As she spoke, she glanced at her phone on the kitchen counter, made a call and immediately tensed up. “What do you mean?” she asked urgently. “Is anything broken? Baby!” She put the phone down and explained that de Rossi had been riding, fell off her horse during a jump and sustained a concussion. She was taken to the hospital and was now heading to the beach house.

“This is my biggest fear,” she said, sounding shaken. “I’m scared all the time for her.”

The mood darkened and the interview seemed beside the point. But as she does so smoothly on her show, DeGeneres shifted gears, asking her chef for an iced tea, and explained how her wife had helped her with her new special, attending every performance, giving feedback and appearing onstage.

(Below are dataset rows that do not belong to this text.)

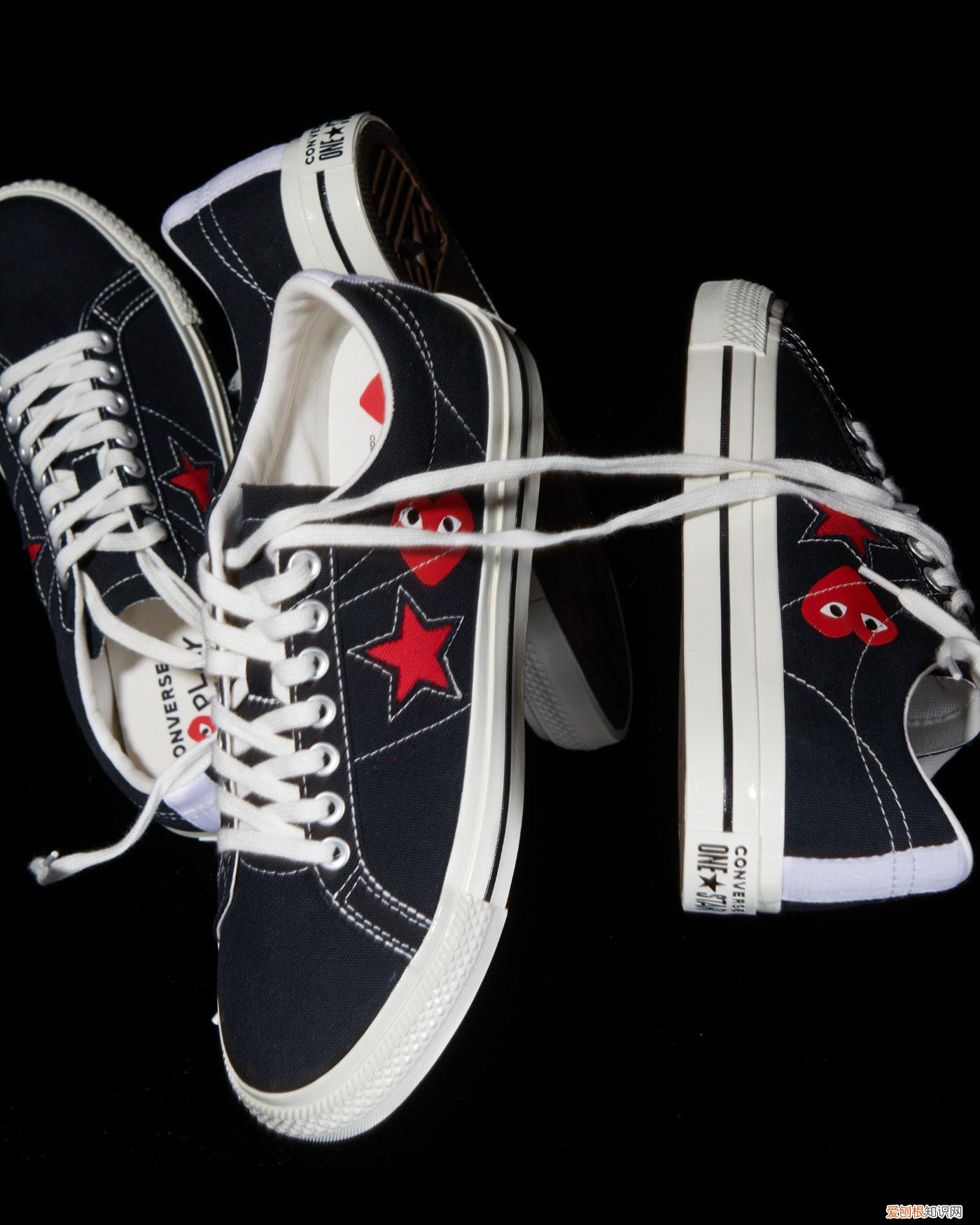 CDG x 匡威联名鞋又来了！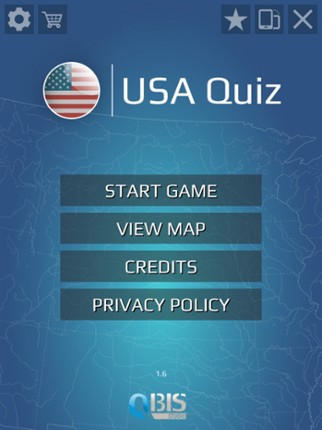 USA Quiz (Qbis Studio) screenshot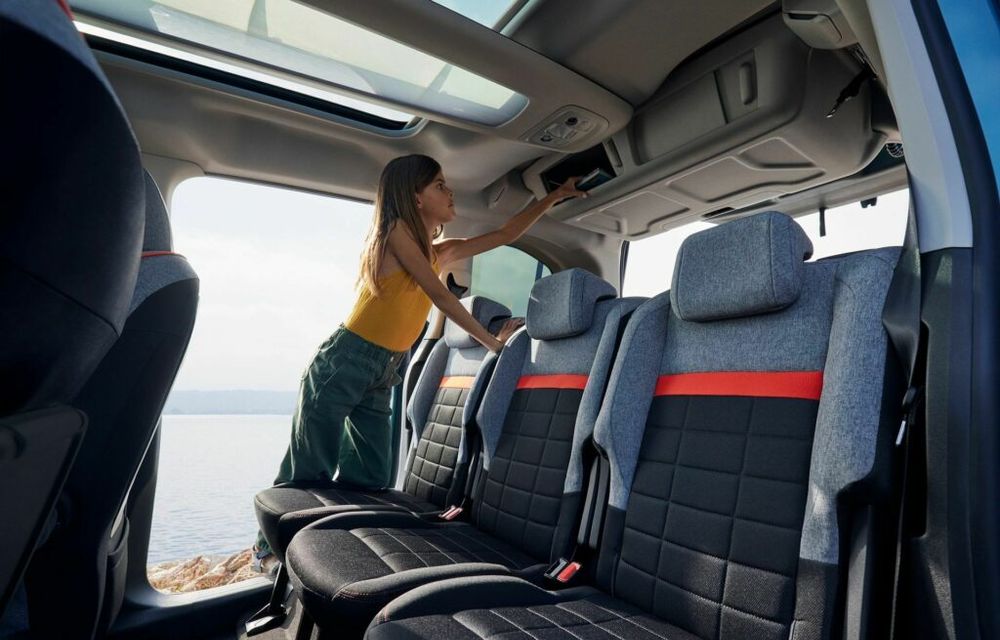 Noul Citroen Berlingo facelift: în Europa doar versiune electrică, cu 320 km autonomie - Poza 18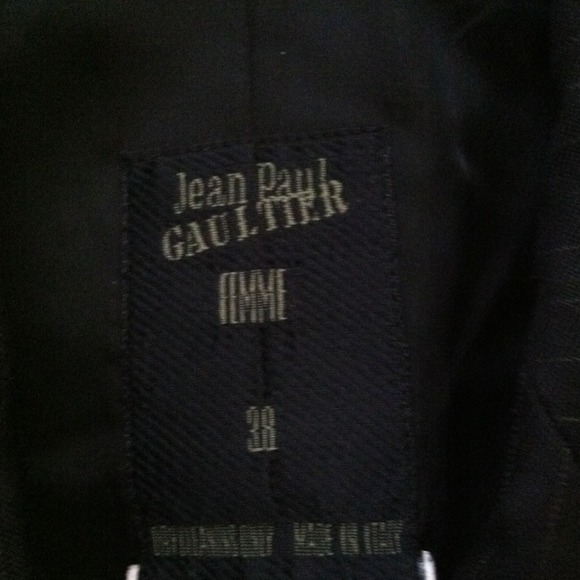 Jean Paul gaultier  jacket - Picture 2 of 3
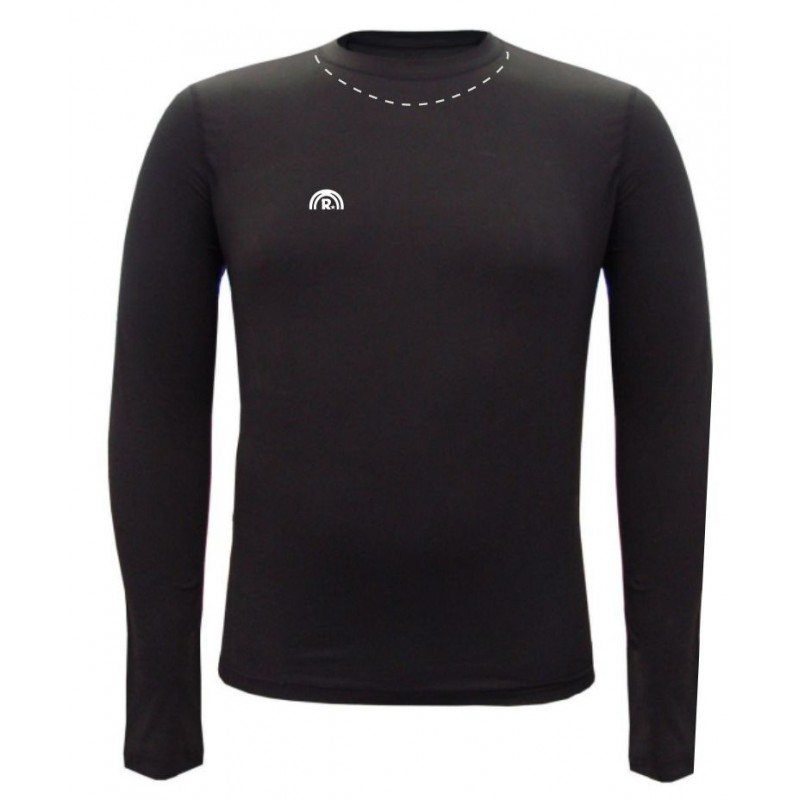 Reinhart AETNA JR Παιδική Ισοθερμική Μπλούζα Unisex Μαύρη 50309-Black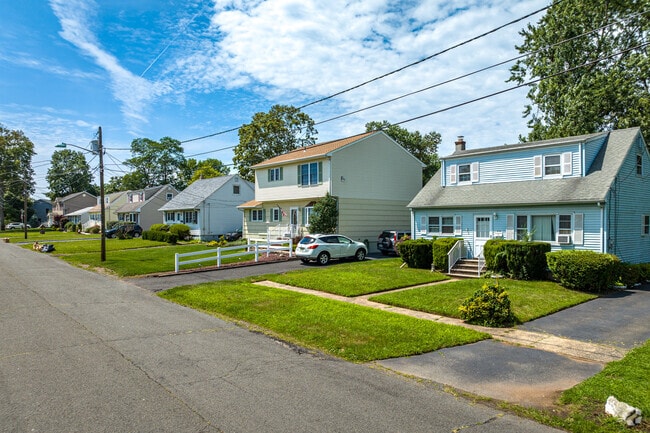 Middlesex is the emblematic Raritan Valley suburb, established as a commuter town in the 1950s.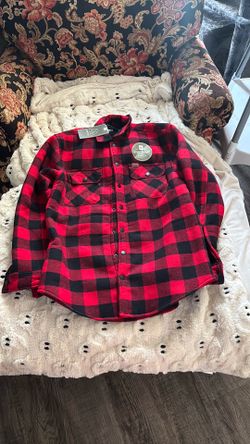 Boys Flannel Jacket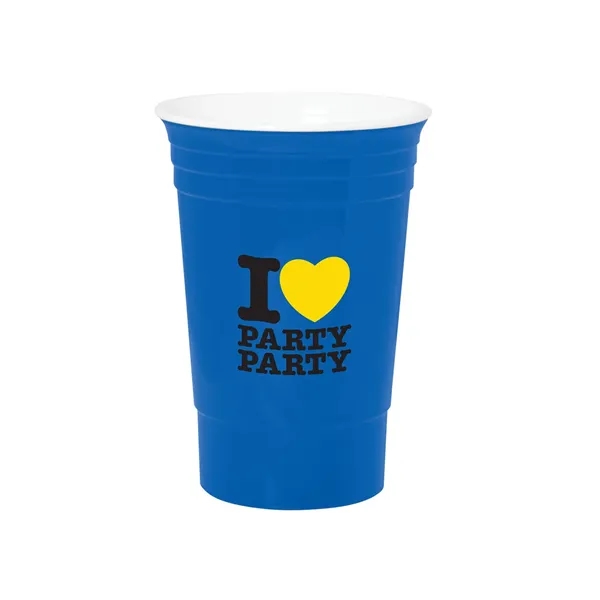 16 oz. insulated and reusable plastic party cup that's designed to... from ASI 79530 Prime Line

DeGeneres said her wife also had a note about this interview. “Portia said: Just remember, the nicer they are, the more they are going to screw you,” DeGeneres said, smiling disarmingly.

Unsure how to respond, I replied awkwardly: “That’s good advice.” Then I started feeling self-conscious and several minutes later, asked my least-nice question, about the tabloid stories featuring anonymous complaints that she isn’t always kind to those she works with. “That bugs me if someone is saying that because it’s an outright lie,” she said. “The first day I said: ‘The one thing I want is everyone here to be happy and proud of where they work, and if not, don’t work here.’ No one is going to raise their voice or not be grateful. That’s the rule to this day.”

Minutes later, as if on cue, de Rossi entered in full riding gear. DeGeneres embraced her and shouted, “Baby, stop riding horses!”

De Rossi seemed unscathed, although her condition would worsen the next day, when she would have trouble concentrating. And as she bantered lovingly with her wife, she seemed charming and at ease, talking effusively about the special. “She’s just a bit more complicated than she appears on the show,” de Rossi said. “There’s more range of emotion.”

DeGeneres recently took the option to extend her contract — until the summer of 2020 — although she had been close to declining. On the question of leaving, she changes her mind all the time.

“I just think she’s such a brilliant actress and stand-up that it doesn’t have to be this talk show for her creativity,” de Rossi said. “There are other things she could tackle.”

DeGeneres, who has largely done voice work in film, most famously as Dory in Finding Nemo, said she would love to do another movie and play “someone unappealing”; her wife mentions doing radio or a podcast.

“I don’t see the end of her show as her career ending,” de Rossi said.

DeGeneres smiled and considered the comment for a second. But she skipped the kindest response and went straight for the laugh: “You have a concussion. What do you know?”

Ellen-liners!

  • I have just learned that penguins are monogamous for life, which doesn’t really surprise me all that much because they all look exactly alike. It’s not like they’re going to meet a better-looking penguin someday.
  • I like my coffee like I like my men... I don’t drink coffee.
  • Can’t we just love everybody and judge them by the car they drive?
  • Come on, if you don’t win tonight it doesn’t mean you’re not a good person. It just means you’re not a good actor.
  • My point is, life is about balance. The good and the bad. The highs and the lows. The pina and the colada.